David Ashe, chairman of Upham Parish Council, presentation to Eastleigh Borough Council, 15 December 2016: I’m speaking to you tonight as chairman of Upham Parish Council on behalf of Upham and with the consent of John Chapman, my opposite number at Owslebury, on behalf of his parish also.
However I’m not just here to tell you about your lovely local national park and how you mustn’t build anywhere near it.
We are realists and know that you have some hard choices to make. Equally we know you will do your neighbours the natural courtesy of making sure that the decision you take is the best possible one given all the evidence available, and we welcome [Leader of Eastleigh Borough Council] Keith House’s words on this.
Hard choices indeed between a development that is strung out along a road [options B and C in Allbrook, Bishopstoke and Fair Oak] or one that is centred around a railway station [options D and E in Allington Lane]. Which is better for the planet?
Or a development which is on the fringe of the borough remote from the town centre [B/C], or one that links easily into the town centre and supports and re-inforces it [D/E]. Which is better for Eastleigh?
I have to say we are mystified by the report before you today. On the one hand it provides (with some omissions) a preliminary and fair SWOT analysis of each of the schemes, and stresses the amount of work there is to do to develop this. Options B and C are identified as being the highest risk option, with Allington Lane (which you identified 15 years ago this month as being the only acceptable location for a major greenfield development in the borough) scoring only one threat as against four for B and C. Yet it then leaps to the conclusion in the recommendations before you that you should forge ahead with B/C and dismiss D/E. There seems no logic to this.
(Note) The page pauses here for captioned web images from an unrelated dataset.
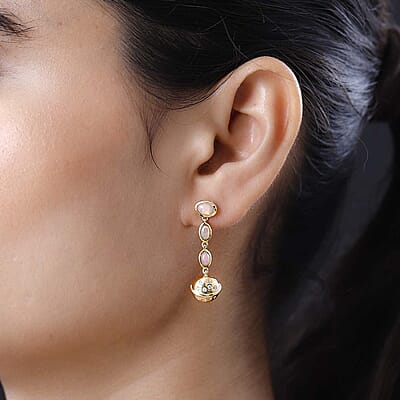 Ethiopian Welo Opal and White Zircon Solar System Planet Drop Statement Earrings in Vermeil Yellow Gold Over Sterling Silver 1.50 ctw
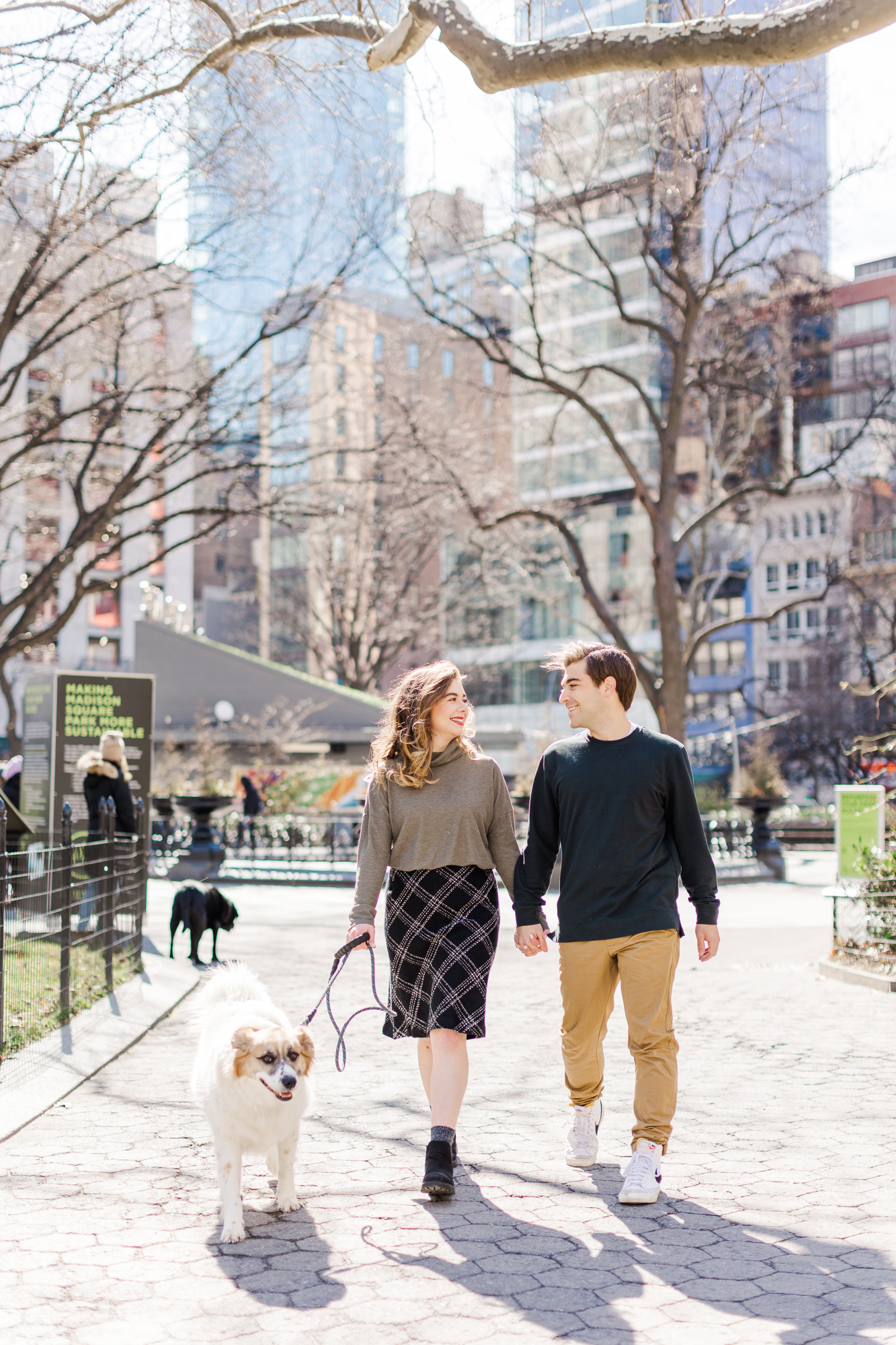 Breathtaking and Bright Engagement Photos in Wintery Madison Square Park
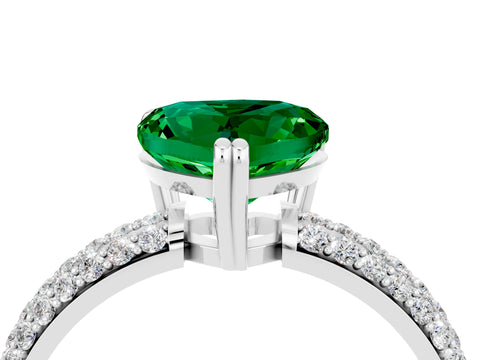 White gold Heart Cut Cut Diamond Milgrain Marquise Band with Prong Setting_4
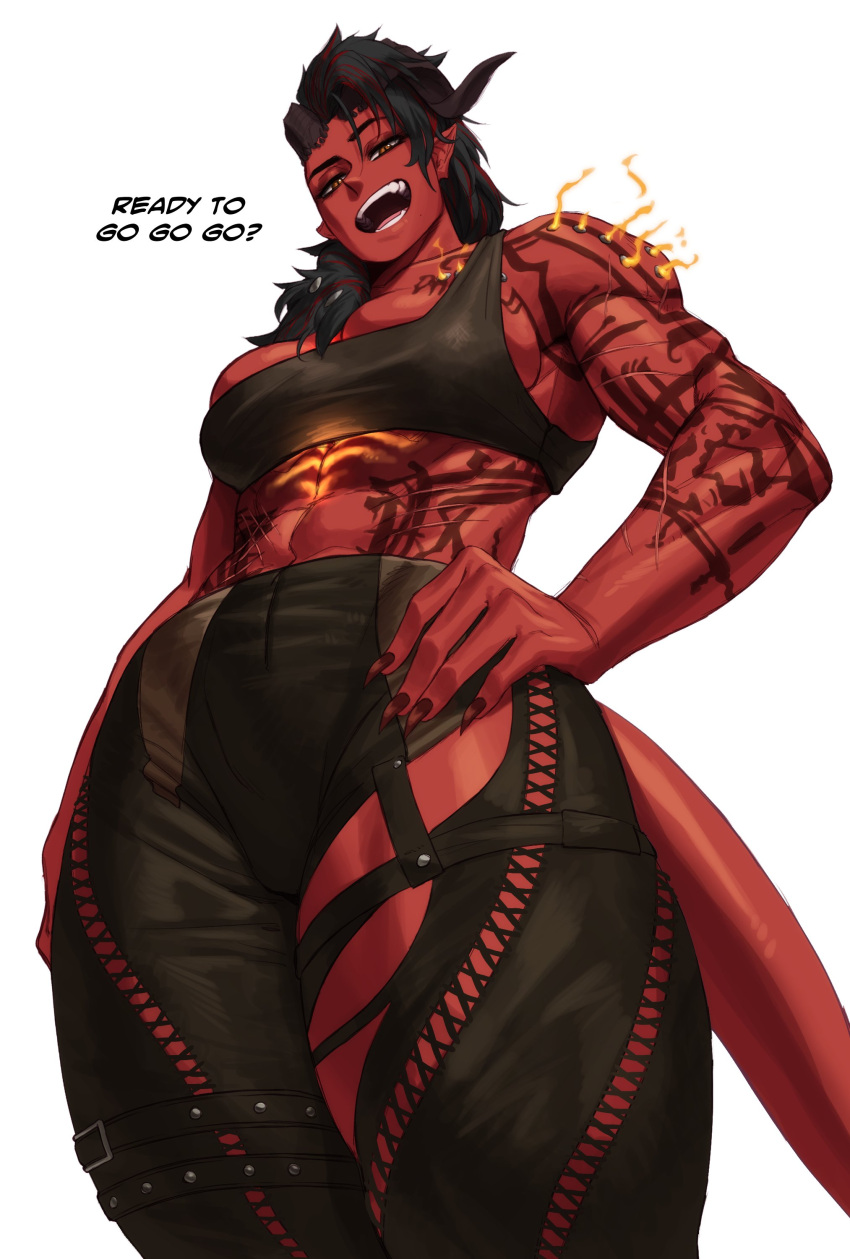 abs absurd_res baldur's_gate_3 black_hair bottomwear breasts clothing demon demon_humanoid dialogue female hair hi_res horn humanoid karlach looking_at_viewer looking_down looking_down_at_viewer low-angle_view muscular muscular_female muscular_humanoid nails pants red_body red_skin scar solo sotcho tattoo tiefling topwear
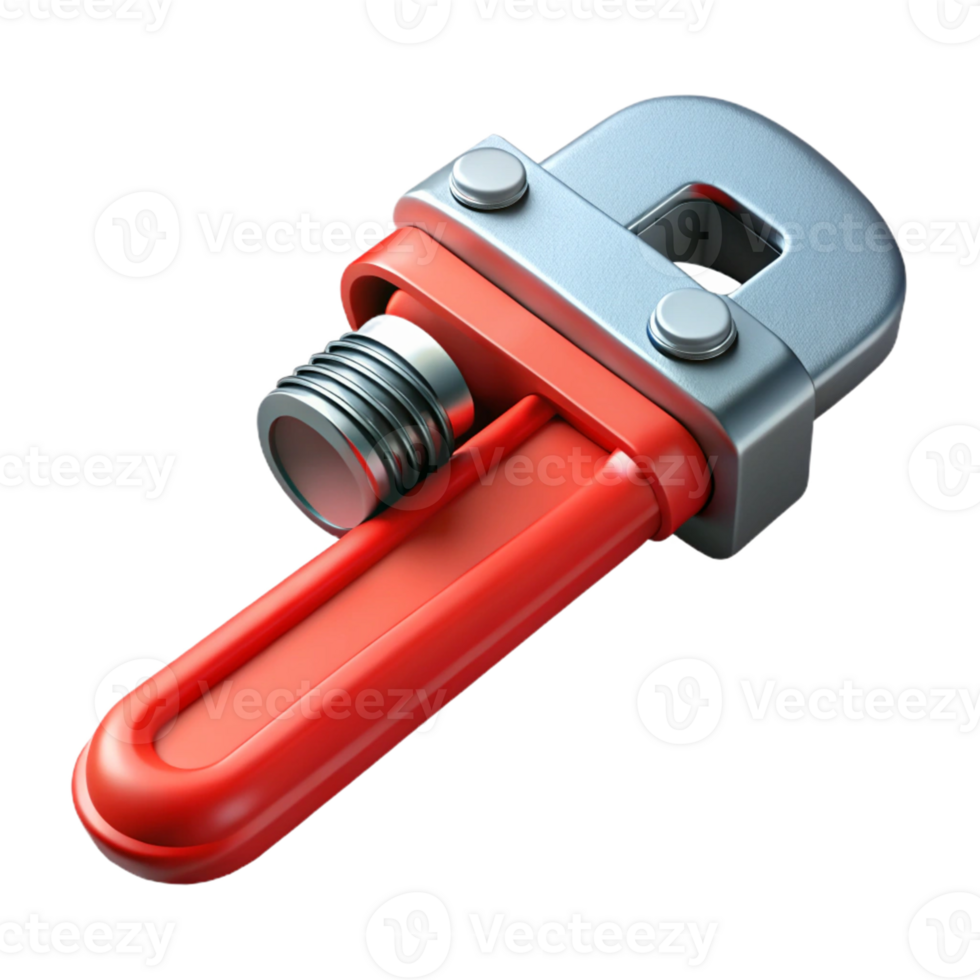 3D Render Red Pipe Wrench Illustration png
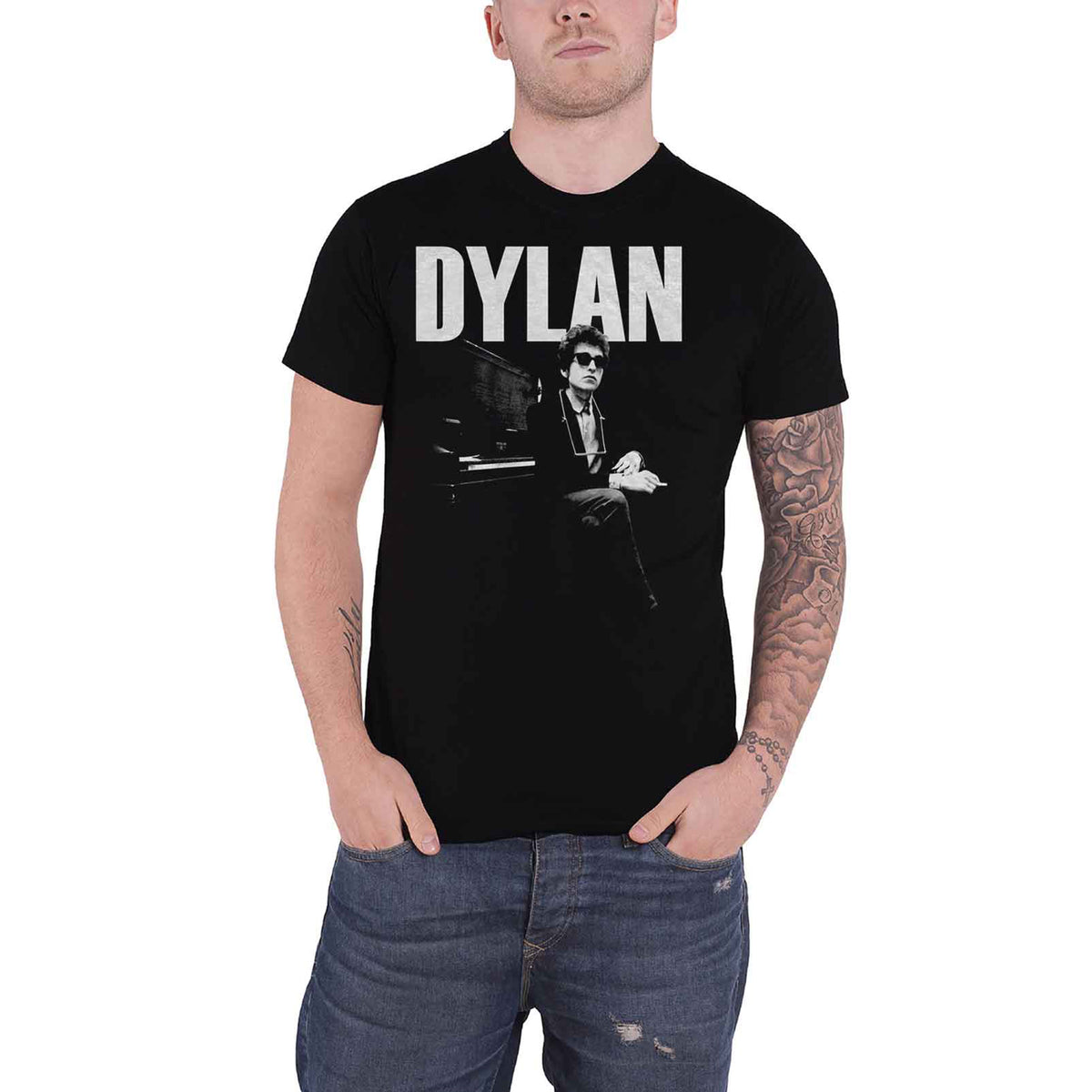BOB DYLAN - AT PIANO - T-Shirt Black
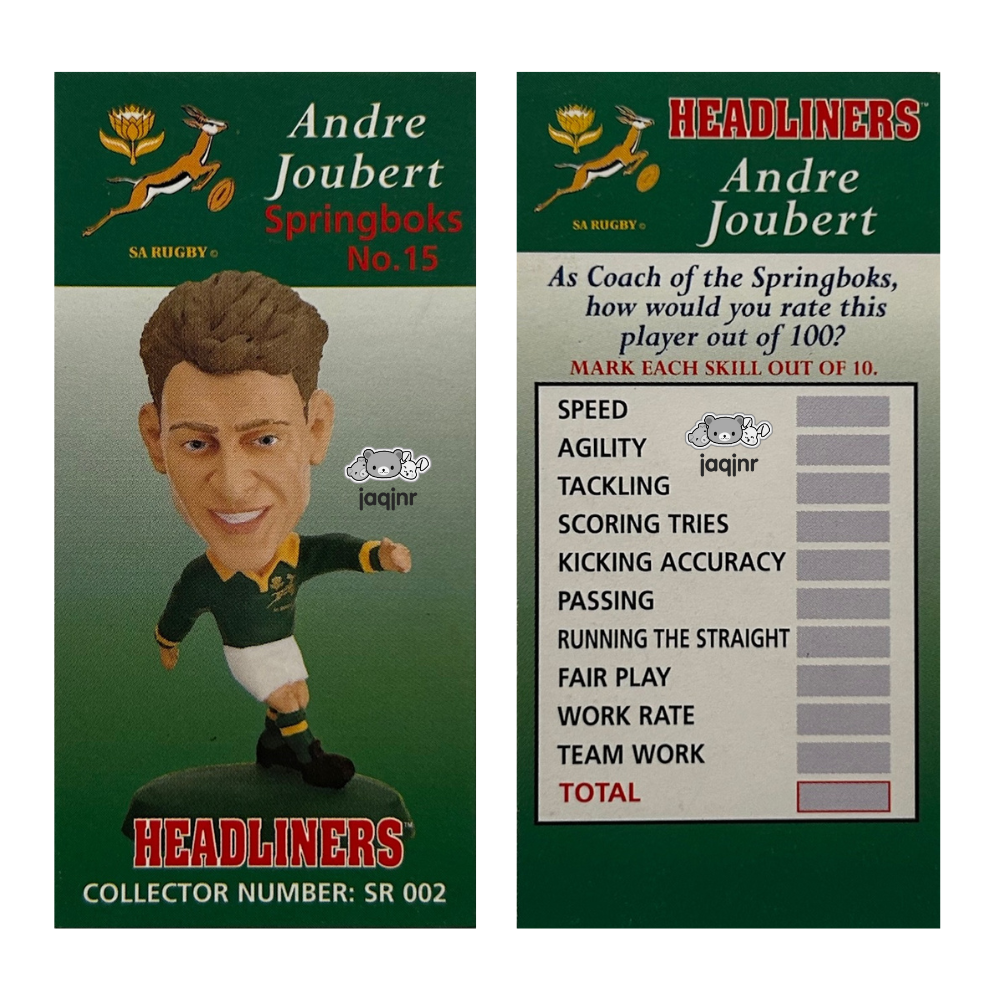 Corinthian Headliners Rugby Union - ANDRE JOUBERT (SPRINGBOKS #15) Collector Card SR002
Obviously B and C dangles the carrot of a possible answer to congestion problems in the shape of the North Bishopstoke relief road. However for a road-based proposal there is, astonishingly to us, no traffic study work that backs this up. What little evidence there is, Hampshire’s preliminary strategic traffic study done a year ago, is very noncommittal. There is no work yet done on the impact of these houses on the narrow lanes to the north and east of them.
When Keith House met with us two months ago [at a Winchester Southern Parishes meeting in Bishop’s Waltham on 24 October 2016], he was very clear that this road would need to be built by Eastleigh ahead of any development. He is absolutely right about that, as to do otherwise would be to condemn Fair Oak and Bishopstoke to 20 years of traffic misery as the fields between Upham and Fair Oak fill with houses. Even if the road does provides relief, a 95% complete relief road is no relief road at all. Yet even assuming it were technically possible this is a huge financial decision. The £31 million budget from the county doesn’t cover a long length of road, any works to the infamous Allbrook railway bridge nor anything to cover Network Rail’s potential request for a ransom payment. Have you debated how this cost, which could comfortably exceed £50 million, is to be paid for? Would the money be better spent elsewhere?
So, with so many risks hanging over B and C and so much work to do to find out more about them, we would urge you to consider again your paper’s recommendation 3 and put both options on a level playing field.
So whats the rush? Why leap into a decision before you have to and before you know the full facts? Keith House has said this evening that you need to take your time.
We would urge you to do your due diligence, as you said you would in July [at the last full council meeting on 21 July 2016], before you narrow down your options. To do otherwise risks having your plan thrown out a second time as being unsound. This would just create a developers’ free for all, bad for you as councillors, bad for us as your neighbours and a disaster for the whole borough.